While all this was going on, the President of Salvador, Mr Gutierrez, hearing that we were thinking of leaving Nicaragua, asked one of his friends in León to go and visit Mother M. Rosario and suggest a foundation in Santa Ana.  Thus Providence uses difficult situations and turns them to his glory.

On 15th January 1895, Mother Agnès Eugénie and Mother M. Rosario, accompanied by Sr M. del Salvador, left for Salvador to explore the situation.   The foundation was decided on, and, instead of closing a house, we opened another …

On 15th October that year, another 10 sisters arrived for the foundation of Santa Ana, with Mother M. Carolina at their head.  Before going on to Salvador, they spent a few days in León, to our great satisfaction.
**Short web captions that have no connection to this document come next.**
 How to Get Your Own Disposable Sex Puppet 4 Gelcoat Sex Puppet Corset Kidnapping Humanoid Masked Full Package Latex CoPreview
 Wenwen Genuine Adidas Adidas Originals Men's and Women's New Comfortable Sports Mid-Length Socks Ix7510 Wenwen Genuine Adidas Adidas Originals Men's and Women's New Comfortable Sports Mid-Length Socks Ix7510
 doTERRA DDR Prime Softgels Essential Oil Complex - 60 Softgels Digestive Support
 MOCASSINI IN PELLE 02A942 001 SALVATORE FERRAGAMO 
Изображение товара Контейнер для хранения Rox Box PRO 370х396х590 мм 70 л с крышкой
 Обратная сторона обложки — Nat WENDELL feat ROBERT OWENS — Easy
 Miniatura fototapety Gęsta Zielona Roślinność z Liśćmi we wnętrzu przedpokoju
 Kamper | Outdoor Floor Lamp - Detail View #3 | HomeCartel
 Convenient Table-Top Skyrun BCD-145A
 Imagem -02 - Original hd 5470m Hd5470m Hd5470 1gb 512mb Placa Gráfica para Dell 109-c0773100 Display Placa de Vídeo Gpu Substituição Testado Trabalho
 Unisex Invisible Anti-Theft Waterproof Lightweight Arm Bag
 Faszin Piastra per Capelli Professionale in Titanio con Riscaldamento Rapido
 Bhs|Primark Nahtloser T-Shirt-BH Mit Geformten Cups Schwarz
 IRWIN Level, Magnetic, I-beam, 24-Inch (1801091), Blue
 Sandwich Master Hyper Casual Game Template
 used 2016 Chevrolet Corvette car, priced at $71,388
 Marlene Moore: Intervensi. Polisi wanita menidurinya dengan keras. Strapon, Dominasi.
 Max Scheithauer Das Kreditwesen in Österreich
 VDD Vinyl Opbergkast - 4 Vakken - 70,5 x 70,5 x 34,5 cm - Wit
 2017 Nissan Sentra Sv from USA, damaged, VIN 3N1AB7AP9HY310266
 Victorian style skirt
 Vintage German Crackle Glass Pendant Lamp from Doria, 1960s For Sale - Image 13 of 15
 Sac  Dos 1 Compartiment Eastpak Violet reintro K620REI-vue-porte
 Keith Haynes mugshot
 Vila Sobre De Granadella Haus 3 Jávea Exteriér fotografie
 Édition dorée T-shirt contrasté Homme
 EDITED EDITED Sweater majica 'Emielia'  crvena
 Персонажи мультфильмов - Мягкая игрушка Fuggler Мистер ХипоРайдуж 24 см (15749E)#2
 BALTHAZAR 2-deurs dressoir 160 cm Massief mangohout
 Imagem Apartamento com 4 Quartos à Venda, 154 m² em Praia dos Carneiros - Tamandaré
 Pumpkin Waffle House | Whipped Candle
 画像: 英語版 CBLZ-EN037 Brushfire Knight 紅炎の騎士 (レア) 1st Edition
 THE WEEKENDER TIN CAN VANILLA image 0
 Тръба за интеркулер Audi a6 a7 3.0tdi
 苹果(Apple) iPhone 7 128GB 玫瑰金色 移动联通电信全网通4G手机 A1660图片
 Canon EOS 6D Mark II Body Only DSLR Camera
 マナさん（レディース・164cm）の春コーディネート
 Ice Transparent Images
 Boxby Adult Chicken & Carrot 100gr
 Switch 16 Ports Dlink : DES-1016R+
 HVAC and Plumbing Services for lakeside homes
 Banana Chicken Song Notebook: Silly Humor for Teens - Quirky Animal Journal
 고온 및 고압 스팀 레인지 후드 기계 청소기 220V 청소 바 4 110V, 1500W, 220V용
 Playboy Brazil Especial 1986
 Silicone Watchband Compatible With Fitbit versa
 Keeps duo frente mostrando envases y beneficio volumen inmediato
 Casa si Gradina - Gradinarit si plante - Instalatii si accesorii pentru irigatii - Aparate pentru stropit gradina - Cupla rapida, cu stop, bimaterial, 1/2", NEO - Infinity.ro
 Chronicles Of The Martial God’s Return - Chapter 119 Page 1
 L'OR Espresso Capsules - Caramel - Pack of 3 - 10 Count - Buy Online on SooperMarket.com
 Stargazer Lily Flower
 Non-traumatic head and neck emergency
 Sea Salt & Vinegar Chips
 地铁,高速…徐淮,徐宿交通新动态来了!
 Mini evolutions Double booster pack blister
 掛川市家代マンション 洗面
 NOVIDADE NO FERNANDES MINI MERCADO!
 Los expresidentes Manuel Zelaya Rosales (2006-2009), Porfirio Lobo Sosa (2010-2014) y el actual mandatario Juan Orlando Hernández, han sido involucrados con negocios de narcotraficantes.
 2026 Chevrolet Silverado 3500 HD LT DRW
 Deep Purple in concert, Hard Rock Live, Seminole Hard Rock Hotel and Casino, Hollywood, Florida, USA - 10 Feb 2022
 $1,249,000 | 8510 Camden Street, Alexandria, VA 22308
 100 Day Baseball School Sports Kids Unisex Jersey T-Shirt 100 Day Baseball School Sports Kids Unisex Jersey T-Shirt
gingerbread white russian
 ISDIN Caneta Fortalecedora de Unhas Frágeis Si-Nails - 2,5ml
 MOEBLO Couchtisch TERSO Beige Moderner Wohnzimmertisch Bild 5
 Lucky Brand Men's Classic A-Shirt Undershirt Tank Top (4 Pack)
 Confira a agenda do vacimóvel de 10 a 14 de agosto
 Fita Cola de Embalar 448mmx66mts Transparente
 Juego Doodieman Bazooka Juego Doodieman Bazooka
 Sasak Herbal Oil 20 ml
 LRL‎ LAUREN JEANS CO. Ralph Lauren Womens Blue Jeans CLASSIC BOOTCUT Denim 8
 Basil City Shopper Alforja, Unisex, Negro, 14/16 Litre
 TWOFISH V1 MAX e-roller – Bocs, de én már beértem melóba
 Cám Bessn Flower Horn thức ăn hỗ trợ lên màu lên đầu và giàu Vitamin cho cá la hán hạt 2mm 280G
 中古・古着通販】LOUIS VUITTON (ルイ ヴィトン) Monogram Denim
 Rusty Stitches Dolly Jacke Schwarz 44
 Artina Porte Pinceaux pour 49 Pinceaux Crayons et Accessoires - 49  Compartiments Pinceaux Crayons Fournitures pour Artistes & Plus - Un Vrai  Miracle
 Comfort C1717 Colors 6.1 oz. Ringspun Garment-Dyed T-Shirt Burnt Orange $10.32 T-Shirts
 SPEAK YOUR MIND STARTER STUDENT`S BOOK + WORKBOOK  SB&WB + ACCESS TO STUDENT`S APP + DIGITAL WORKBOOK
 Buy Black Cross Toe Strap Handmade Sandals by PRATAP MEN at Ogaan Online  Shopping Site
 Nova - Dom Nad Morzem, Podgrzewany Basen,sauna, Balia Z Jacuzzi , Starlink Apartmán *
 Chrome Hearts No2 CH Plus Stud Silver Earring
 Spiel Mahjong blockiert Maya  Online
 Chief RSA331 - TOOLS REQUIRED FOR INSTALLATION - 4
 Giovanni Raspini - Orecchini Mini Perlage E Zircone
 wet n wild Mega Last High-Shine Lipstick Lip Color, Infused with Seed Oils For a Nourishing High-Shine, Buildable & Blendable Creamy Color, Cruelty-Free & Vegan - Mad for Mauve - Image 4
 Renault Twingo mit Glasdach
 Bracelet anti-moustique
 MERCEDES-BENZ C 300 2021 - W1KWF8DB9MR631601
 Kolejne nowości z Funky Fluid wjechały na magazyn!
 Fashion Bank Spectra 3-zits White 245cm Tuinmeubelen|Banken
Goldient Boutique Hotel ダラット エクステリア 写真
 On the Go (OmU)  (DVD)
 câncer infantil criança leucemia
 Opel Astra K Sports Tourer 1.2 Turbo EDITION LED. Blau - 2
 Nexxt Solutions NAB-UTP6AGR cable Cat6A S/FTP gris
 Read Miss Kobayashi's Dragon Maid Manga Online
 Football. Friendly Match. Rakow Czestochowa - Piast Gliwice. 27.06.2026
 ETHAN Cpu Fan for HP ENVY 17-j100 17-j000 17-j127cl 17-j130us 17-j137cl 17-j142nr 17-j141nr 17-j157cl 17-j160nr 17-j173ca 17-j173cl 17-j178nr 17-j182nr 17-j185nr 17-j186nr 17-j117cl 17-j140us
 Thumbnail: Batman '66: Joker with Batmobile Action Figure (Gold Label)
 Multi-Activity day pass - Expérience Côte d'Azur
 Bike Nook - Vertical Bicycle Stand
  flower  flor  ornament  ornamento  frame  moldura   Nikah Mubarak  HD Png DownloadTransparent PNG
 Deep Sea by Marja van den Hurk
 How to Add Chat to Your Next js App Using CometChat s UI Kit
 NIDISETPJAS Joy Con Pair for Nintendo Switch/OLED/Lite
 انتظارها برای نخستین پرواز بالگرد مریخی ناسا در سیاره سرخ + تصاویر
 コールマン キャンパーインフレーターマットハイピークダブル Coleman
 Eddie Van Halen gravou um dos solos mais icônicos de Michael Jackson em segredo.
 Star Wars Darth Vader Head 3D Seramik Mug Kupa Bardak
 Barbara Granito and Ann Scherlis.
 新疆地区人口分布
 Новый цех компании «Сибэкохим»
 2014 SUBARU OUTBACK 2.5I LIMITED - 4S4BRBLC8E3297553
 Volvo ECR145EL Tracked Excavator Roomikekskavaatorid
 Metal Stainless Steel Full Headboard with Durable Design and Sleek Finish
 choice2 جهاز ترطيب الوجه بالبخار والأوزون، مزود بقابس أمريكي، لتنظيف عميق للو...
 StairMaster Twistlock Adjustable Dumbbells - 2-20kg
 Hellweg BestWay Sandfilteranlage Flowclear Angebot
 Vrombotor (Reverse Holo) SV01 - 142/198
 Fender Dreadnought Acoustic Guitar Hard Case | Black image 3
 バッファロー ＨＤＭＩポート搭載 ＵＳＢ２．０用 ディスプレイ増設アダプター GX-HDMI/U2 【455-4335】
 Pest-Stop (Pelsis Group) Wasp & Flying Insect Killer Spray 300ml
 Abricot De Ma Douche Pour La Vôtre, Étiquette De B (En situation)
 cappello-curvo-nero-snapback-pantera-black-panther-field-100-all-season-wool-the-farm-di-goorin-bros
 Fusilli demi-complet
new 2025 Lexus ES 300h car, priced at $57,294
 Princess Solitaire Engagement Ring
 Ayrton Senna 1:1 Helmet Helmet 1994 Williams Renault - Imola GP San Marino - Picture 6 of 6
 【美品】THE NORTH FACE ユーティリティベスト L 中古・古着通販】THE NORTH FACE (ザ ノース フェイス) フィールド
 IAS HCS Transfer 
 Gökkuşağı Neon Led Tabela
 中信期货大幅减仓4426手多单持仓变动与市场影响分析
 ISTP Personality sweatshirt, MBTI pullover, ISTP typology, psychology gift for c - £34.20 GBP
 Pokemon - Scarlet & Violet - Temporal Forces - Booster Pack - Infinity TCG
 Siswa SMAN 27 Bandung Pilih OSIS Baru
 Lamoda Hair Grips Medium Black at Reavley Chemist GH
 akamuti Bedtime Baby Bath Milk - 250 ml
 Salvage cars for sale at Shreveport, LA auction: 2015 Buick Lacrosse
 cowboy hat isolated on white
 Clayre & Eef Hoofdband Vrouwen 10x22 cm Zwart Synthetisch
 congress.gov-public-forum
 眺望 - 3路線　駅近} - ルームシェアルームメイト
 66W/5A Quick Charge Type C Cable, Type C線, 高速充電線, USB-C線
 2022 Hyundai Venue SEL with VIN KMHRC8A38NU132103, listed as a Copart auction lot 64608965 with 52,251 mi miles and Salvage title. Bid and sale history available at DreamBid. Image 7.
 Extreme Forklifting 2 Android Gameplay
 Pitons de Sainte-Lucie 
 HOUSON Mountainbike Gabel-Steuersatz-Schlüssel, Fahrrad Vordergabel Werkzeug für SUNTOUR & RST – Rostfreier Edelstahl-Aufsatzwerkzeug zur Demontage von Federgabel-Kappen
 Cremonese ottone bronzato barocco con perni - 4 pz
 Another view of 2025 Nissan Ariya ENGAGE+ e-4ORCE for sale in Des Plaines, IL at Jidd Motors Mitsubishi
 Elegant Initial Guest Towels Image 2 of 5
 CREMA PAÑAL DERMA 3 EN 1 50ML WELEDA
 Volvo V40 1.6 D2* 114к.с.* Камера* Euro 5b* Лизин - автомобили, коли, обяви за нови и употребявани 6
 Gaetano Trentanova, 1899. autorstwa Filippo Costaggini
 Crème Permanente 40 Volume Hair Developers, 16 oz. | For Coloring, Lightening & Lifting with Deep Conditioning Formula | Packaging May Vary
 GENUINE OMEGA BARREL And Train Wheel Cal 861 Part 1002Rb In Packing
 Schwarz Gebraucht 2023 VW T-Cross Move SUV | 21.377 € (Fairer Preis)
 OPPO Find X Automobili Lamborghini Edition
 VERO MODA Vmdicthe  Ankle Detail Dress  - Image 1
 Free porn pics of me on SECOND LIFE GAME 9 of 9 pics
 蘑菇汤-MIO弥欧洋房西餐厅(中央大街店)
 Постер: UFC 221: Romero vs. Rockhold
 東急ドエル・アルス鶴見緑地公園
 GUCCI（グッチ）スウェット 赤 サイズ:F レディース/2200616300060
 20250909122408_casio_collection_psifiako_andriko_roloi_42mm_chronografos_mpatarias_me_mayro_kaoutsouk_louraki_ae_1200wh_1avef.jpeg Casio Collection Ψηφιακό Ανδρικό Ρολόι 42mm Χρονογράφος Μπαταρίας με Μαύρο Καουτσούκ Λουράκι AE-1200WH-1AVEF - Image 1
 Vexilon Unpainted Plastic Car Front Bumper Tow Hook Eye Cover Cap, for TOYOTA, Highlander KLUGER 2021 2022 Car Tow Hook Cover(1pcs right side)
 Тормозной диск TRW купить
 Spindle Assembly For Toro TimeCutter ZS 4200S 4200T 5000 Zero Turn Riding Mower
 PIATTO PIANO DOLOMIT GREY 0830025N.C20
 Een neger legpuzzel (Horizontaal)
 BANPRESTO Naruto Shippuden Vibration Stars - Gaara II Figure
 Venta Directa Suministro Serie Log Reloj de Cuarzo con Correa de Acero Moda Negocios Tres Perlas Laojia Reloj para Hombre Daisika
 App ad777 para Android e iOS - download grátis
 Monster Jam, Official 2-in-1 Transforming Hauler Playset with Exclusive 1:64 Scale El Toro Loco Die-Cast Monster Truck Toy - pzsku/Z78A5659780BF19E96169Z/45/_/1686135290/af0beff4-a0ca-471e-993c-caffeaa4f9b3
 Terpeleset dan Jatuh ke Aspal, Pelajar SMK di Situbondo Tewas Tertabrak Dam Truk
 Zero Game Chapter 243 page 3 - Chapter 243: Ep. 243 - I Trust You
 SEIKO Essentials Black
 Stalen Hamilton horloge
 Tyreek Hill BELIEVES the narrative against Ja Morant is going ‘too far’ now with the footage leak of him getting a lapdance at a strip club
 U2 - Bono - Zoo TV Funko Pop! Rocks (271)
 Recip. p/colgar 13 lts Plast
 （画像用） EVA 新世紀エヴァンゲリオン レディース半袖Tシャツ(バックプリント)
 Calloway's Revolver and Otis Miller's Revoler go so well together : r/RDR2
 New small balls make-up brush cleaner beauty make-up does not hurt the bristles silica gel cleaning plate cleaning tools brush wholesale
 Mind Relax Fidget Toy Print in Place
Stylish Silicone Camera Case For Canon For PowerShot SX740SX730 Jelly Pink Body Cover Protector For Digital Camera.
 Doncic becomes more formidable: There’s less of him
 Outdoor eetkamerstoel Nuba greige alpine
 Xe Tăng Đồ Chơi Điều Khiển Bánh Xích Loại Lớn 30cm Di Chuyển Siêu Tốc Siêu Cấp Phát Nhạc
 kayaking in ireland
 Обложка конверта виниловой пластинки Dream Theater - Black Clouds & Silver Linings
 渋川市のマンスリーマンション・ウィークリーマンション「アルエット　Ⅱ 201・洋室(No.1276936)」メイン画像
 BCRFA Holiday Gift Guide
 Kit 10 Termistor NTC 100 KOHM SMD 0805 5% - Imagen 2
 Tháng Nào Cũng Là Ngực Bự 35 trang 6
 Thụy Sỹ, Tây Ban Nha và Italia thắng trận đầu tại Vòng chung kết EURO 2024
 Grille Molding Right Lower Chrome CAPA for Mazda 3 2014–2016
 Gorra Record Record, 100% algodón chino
As for our dear house in León, it continued to develop year after year.  Mother Marie Rosario was called back to Auteuil by Mother Marie Celestine about August 1895 in order to replace her at Santa Isabel, and Mother Agnès Eugénie remained as superior in León.  The boarding school flourished under her , as did all the works begun by Mother M. Rosario.

Mother Agnès remained in León as superior until March 1909.  This was when Mother M. Celestine named me Superior of this dear house.  I left on 26 November 1927 to go to Santa Ana.  Mother General (Mother M. Joanna) named Mother Francisca de Paula superior in my place.